Bug #10035
closed[FUSE] Determine why bcl2fastq doesn't work with writable keep mount
Description
I'm not sure there's anything we can do about this other than to make a private copy of blobxfer which plays more nicely with writable keep mounts, so this is primarily a reminder to document the current behavior. The file space preallocation code fragment below fails with an "I/O error" on the file close. The full output is below that.
if allocatesize > 0: filedesc.seek(allocatesize - 1) filedesc.write(b'\0') filedesc.close()
$ time blobxfer rawseqdata 160819-e00504-0013-ahnht2ccxx keep/home/foo --saskey=$SASKEY --download --remoteresource=. --disable-urllib-warnings
!!! WARNING: DISABLING URLLIB3 WARNINGS !!!
=====================================
azure blobxfer parameters [v0.11.4]
=====================================
platform: Linux-3.19.0-49-generic-x86_64-with-Ubuntu-14.04-trusty
python interpreter: CPython 2.7.6
package versions: az.common=1.1.4 az.sml=0.20.4 az.stor=0.33.0 crypt=1.5 req=2.11.1
subscription id: None
management cert: None
transfer direction: Azure->local
local resource: keep/home/foo
include pattern: None
remote resource: .
max num of workers: 6
timeout: None
storage account: rawseqdata
use SAS: True
upload as page blob: False
auto vhd->page blob: False
upload to file share: False
container/share name: 160819-e00504-0013-ahnht2ccxx
container/share URI: https://rawseqdata.blob.core.windows.net/160819-e00504-0013-ahnht2ccxx
compute block MD5: False
compute file MD5: True
skip on MD5 match: True
chunk size (bytes): 4194304
create container: False
keep mismatched MD5: False
recursive if dir: True
component strip on up: 1
remote delete: False
collate to: disabled
local overwrite: True
encryption mode: disabled
RSA key file: disabled
RSA key type: disabled
=======================================
script start time: 2016-09-13 22:18:11
attempting to copy entire container 160819-e00504-0013-ahnht2ccxx to keep/home/foo
generating local directory structure and pre-allocating space
created local directory: keep/home/foo/HiSeq/160819_E00504_0013_AHNHT2CCXX/Data/Intensities/BaseCalls/L005/C163.1
remote blob: HiSeq/160819_E00504_0013_AHNHT2CCXX/Data/Intensities/BaseCalls/L005/C163.1/s_5_2215.bcl.gz length: 2300498 bytes, md5: DWpLFJdWfz1sdF0LG2bOkg==
Traceback (most recent call last):
File "/home/tfmorris/venv/bin/blobxfer", line 11, in <module>
sys.exit(main())
File "/home/tfmorris/venv/local/lib/python2.7/site-packages/blobxfer.py", line 2525, in main
localfile, blob, False, blobdict[blob])
File "/home/tfmorris/venv/local/lib/python2.7/site-packages/blobxfer.py", line 1858, in generate_xferspec_download
filedesc.close()
IOError: [Errno 5] Input/output error
real 12m16.266s
user 6m56.856s
sys 0m2.144s
Related issues
Updated by Tom Morris about 8 years ago
Does seek() need to be added to the list of unsupported operations here or is something else going on?:
http://doc.arvados.org/user/tutorials/tutorial-keep-mount.html
The failing code snippet quoted in the original report is here:
https://github.com/Azure/blobxfer/blob/3222c6047e73cbc01adac987d399eb49fb6573fc/blobxfer.py#L1858
Updated by Peter Amstutz about 8 years ago
I suspect the problem is that blobxfer (and probably also Aspera downloader) calls truncate(2) or ftruncate(2) to allocate space for the resize. If the size specified in these syscalls are larger than the file, it's supposed to be padded with zeros.

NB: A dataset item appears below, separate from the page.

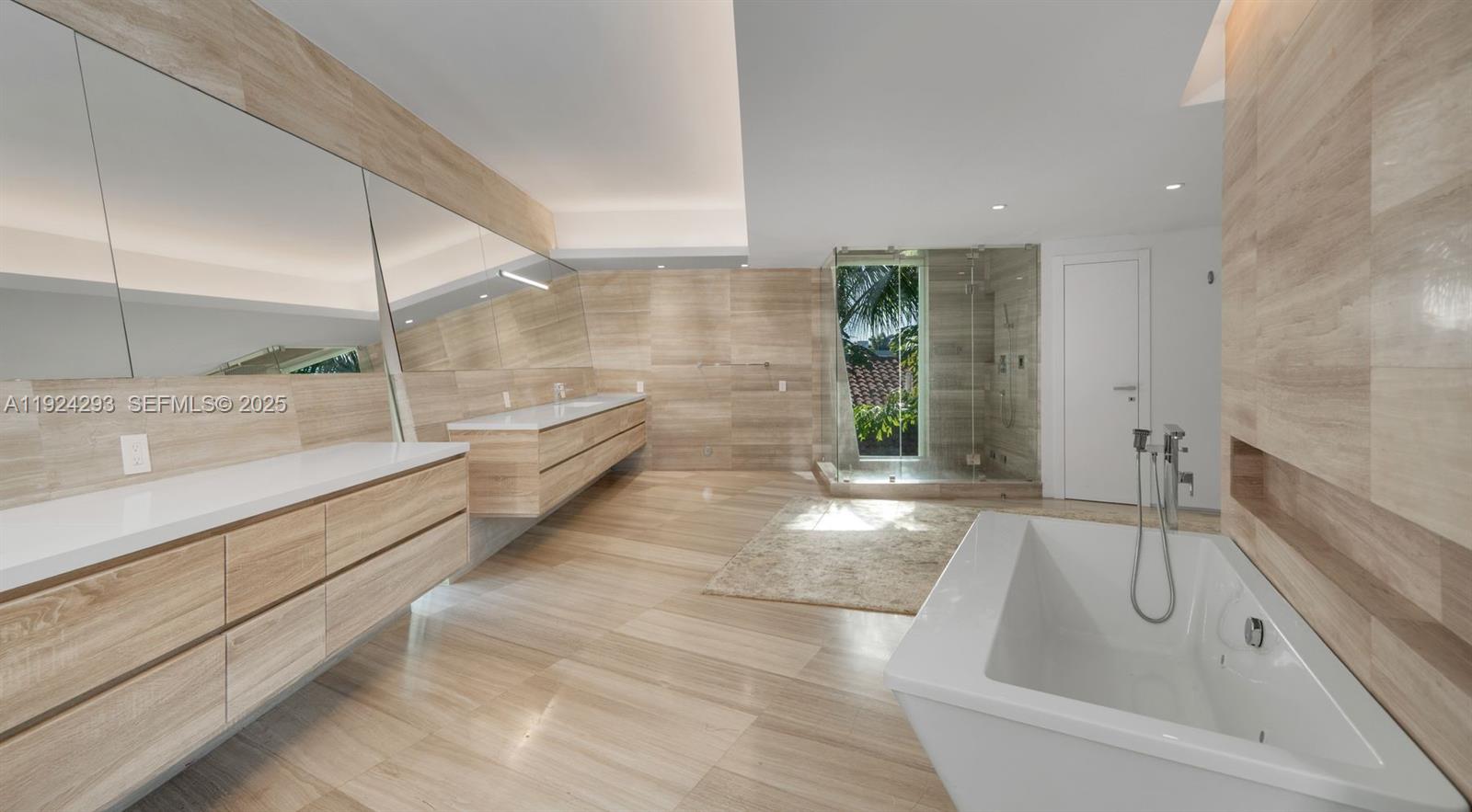 GOLDEN BEACH SEC B - Residential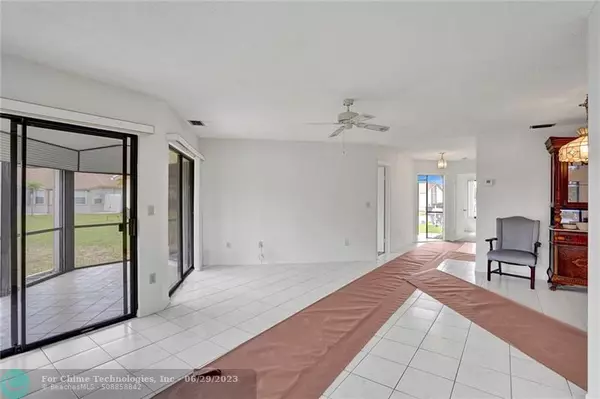 Boca Raton, FL 33428,9718 Saratoga Park Ct  #9718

However, the "truncate" operation implemented in ArvadosFile
only supports shrinking the file. So when blobxfer
tries to seek() to the end position, it fails because file wasn't successfully resized.
I recommend we improve ArvadosFile.truncate
to support increasing file size and then retest blobxfer and aspera.
Updated by Peter Amstutz about 8 years ago
We should confirm that it is calling truncate() before we go and write new code, though.
Updated by Tom Morris about 8 years ago
I'm not sure this is ever going to work well for programs like blobxfer. After it creates a file with 64 MB (or whatever) of 0s, it's then going to fill it in one 4 MB block at a time, in random order, as the many read requests that it has outstanding complete. Each write operation consists of an open, seek, write, close sequence. This seems like it would cause chaos with the content addressing.
Updated by Tom Clegg almost 8 years ago
- Subject changed from [FUSE] Azure blobxfer doesn't work with writable keep mount to [FUSE] Determine why Azure blobxfer doesn't work with writable keep mount
- Story points set to 1.0
Updated by Tom Morris almost 8 years ago
- Target version set to 2017-03-01 sprint
Updated by Tom Morris almost 8 years ago
- Subject changed from [FUSE] Determine why Azure blobxfer doesn't work with writable keep mount to [FUSE] Determine why bcl2fastq doesn't work with writable keep mount
Updated by Peter Amstutz over 7 years ago
- Status changed from Resolved to In Progress
Updated by Peter Amstutz over 7 years ago
- Target version changed from 2017-03-01 sprint to Arvados Future Sprints
Updated by Peter Amstutz over 7 years ago
- Status changed from In Progress to Resolved
This works now & is used in production.
Updated by Tom Morris over 6 years ago
- Target version deleted (
Arvados Future Sprints)